И вот… Телешову достался Геннадий Александрович, а Геннадию Александровичу достался Телешов. Оба только чувствуют какое-то неудобство, чувствуют, вот что-то идет не так. Но пусть уж их чувствуют, мы же вполне можем воспользоваться преимуществами, которые предоставляет сравнительно более широкий обзор узкой тропы войны. Что же показывает этот сканирующий обзор с площадки, вынесенной в нейтральное пространство? А показывает он разные, может, и небезынтересные, но не такие уж оригинальные вещи. Телешову, например, никак не удается «дожать», «поставить на место», чтобы исчезла проклятая неуверенность, неизвестно что и сулящая, а Геннадию никак не удается «отжать», удержать на дистанции, безопасной для чувства собственного достоинства и не мешающей работать. А может быть, и так: Гена подозревает, что раньше или позже, но его тактика «держать противника на дистанции» окажется гибельной для него самого. В этом случае он может интуитивно склоняться к простому, как все гениальное, девизу Наполеона: главное – ввязаться в бой, а там будет видно. Затруднение состоит в том, что не в экстремальных, не в пограничных, а просто в неблагоприятных условиях он не может (просто не умеет, а поэтому н но может) даже ввязаться в серьезный бой.
Ну что ж, оставаясь на берегу, не научишься плавать. Пожалуй, только этой сентенцией (согласимся, весьма и весьма отдающей цинизмом) и можно в настоящий момент утешить Геннадия Александровича. А добрая порция жестковатого цинизма в иных случаях куда благотворнее, чем ни к чему не обязывающие сочувствие и понимание. Я имею в виду именно те случаи, когда речь идет о лицах с эластичной нервной системой, умеющих, как говорят боксеры, «держать удар». Характерные особенности Геннадия Александровича, которые свидетельствуют обычно о наличии или отсутствии такого умения, носят в значительной степени противоречивый характер. Если Телешов настолько психолог, что чувствует эту противоречивость, то ему очень и очень затруднительно просчитать дилемму «бить или не бить». А как ему хочется, надо полагать, чтобы дело свелось именно к просчету. Без ясной арифметики приходится идти на риск, который хоть дело и благородное, но от которого мы – что уж там греха таить – шарахаемся по большей части, яко бесы от крестного знамения.

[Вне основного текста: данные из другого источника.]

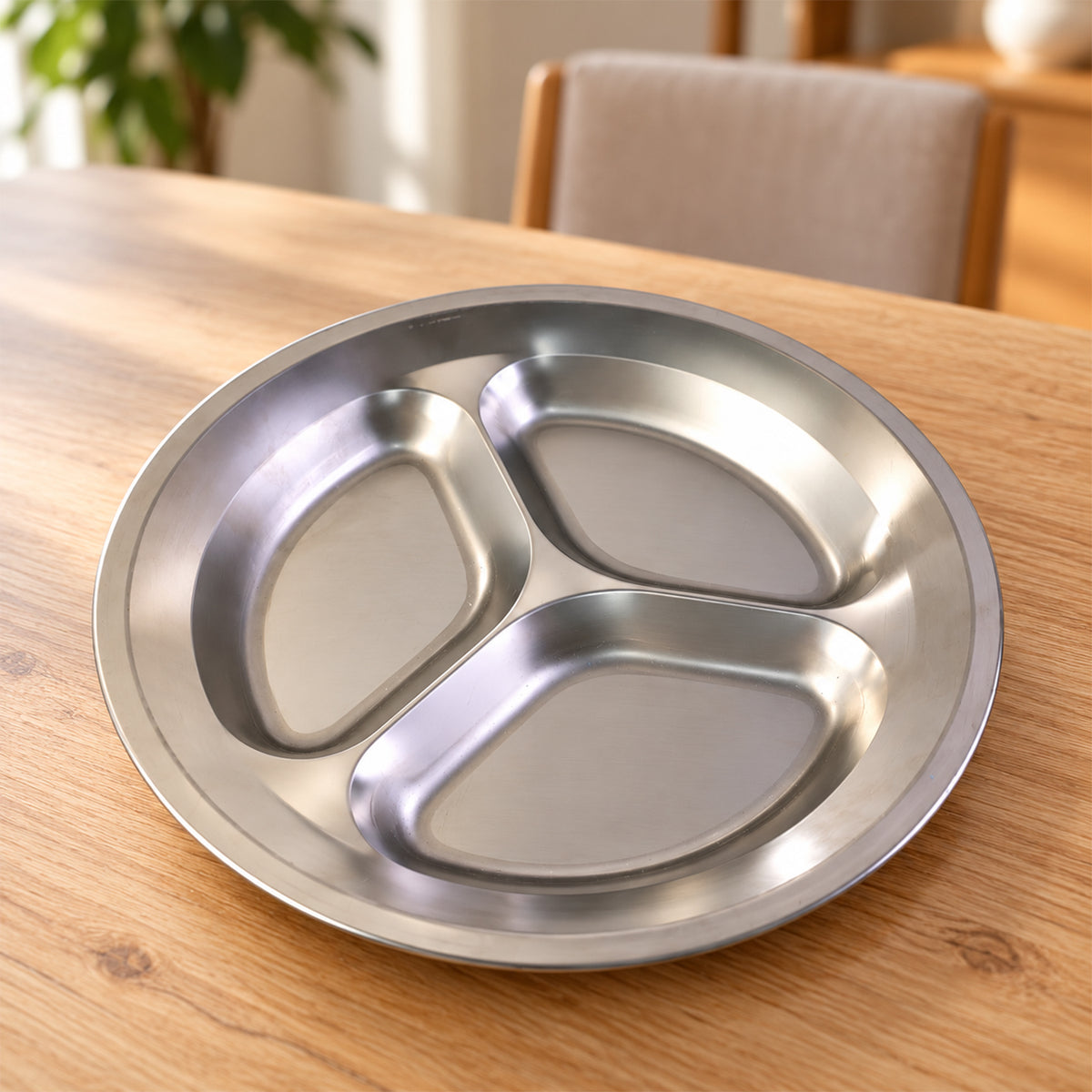 Stainless steel three compartment plate - tabletop view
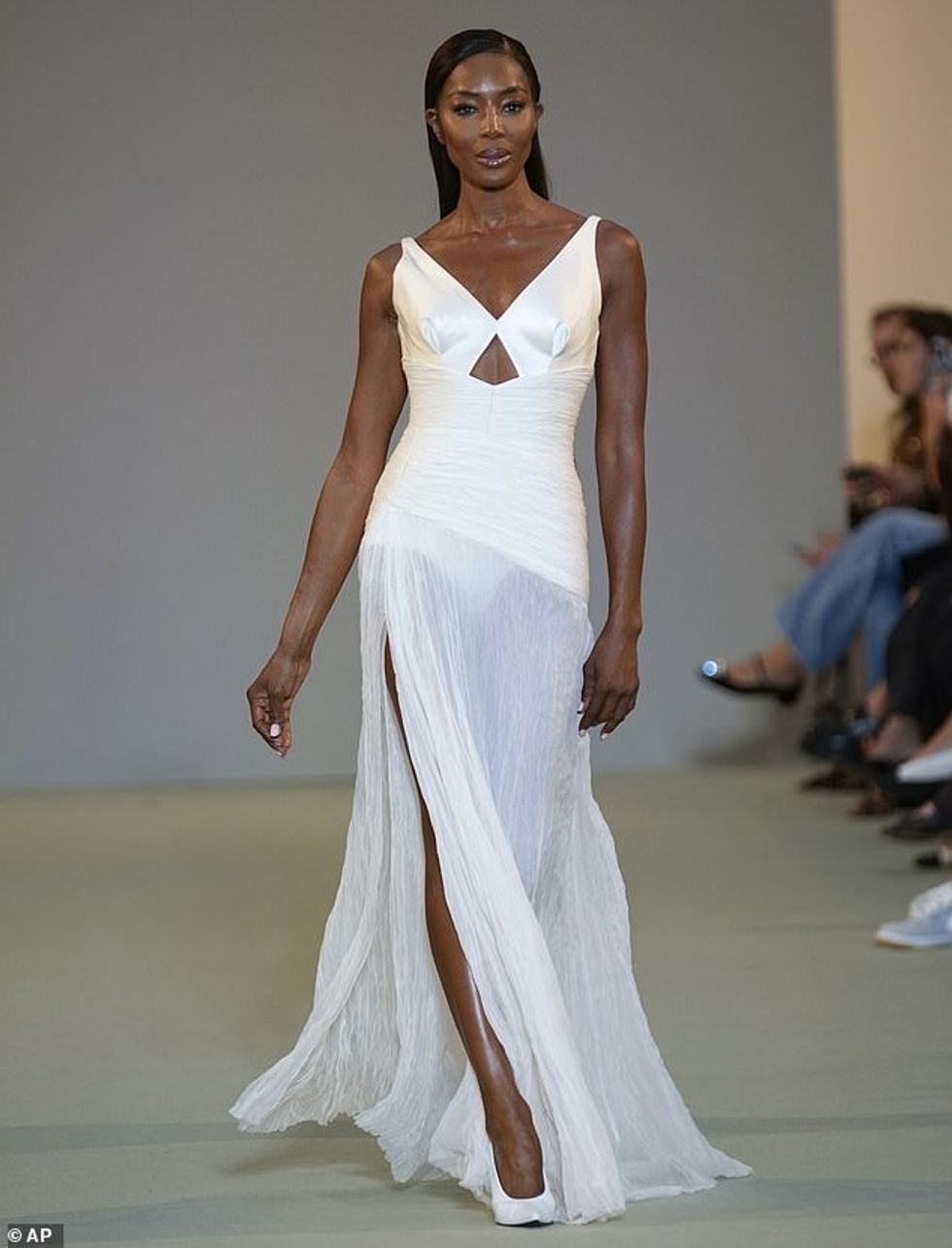 Supermodelja, 54 vjeçe, tregoi figurën e saj të mahnitshme me fustanin prej sateni me jakë V, i cili vinte poshtë në një fund maxi të zhveshur.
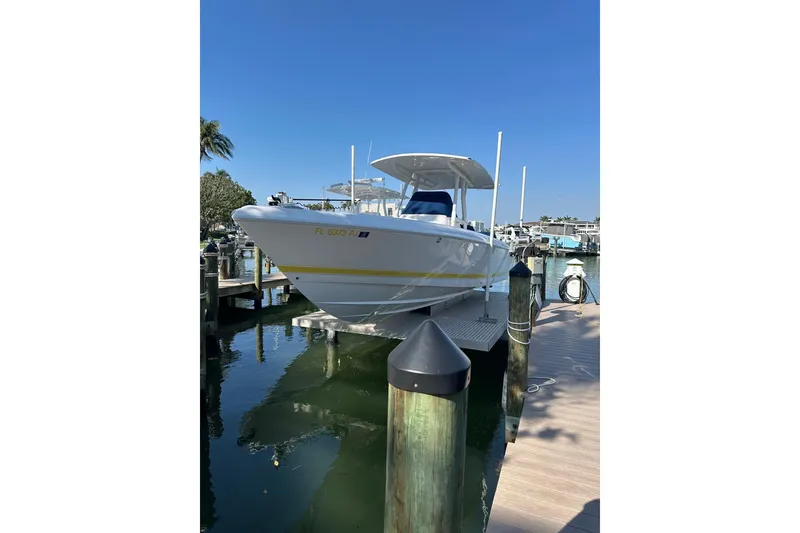 Slide: The Image of 2013 Intrepid 300 Center Console boat docked at marina under clear blue sky. - 28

10. Геннадий Александрович
Витя Лаврентьев… Я отлично помню, как я привел его первый раз к Комолову… Прошло два месяца после моей демобилизации, два месяца, заполненных встречами, излияниями, возлияниями, воспоминаниями. Но, встретившись несколько раз, наша армейская компания вступила в период распада. Лучших повыбивали из обоймы жены, настойчиво требовавшие внимания к семейным очагам. Остальные вяло перезванивались, все более отходя к своим доармейским и послеармейским заботам. Витя Лаврентьев участвовал в сходках весьма активно. Активный он был человек, холостой и к тому же не обремененный выбором жизненного пути, то есть вопросами трудоустройства. После демобилизации Вятя сразу же стал вовсю демонстрировать в одном на московскмх НИИ свой непобедимый, интуитивный стиль программирования. Я окончил университет по специальности «математическая лингвистика», поэтому навыки формально-логического мышления были мне отнюдь не чужды. Лаврентьев склонил меня к программированию, указав на явную перспективность этого занятия как в финансовом, так и в престижном отношении. Он же представлял меня и на первую работу, где я учился хорошим манерам в обращении с машиной под благотворной опекой Сережи Акимова. Уже в течение двух лет я программирую не хуже Акимова. А Акимов делает это хорошо, с этим никто не спорит. Но куда нам обоим до Лаврентьева!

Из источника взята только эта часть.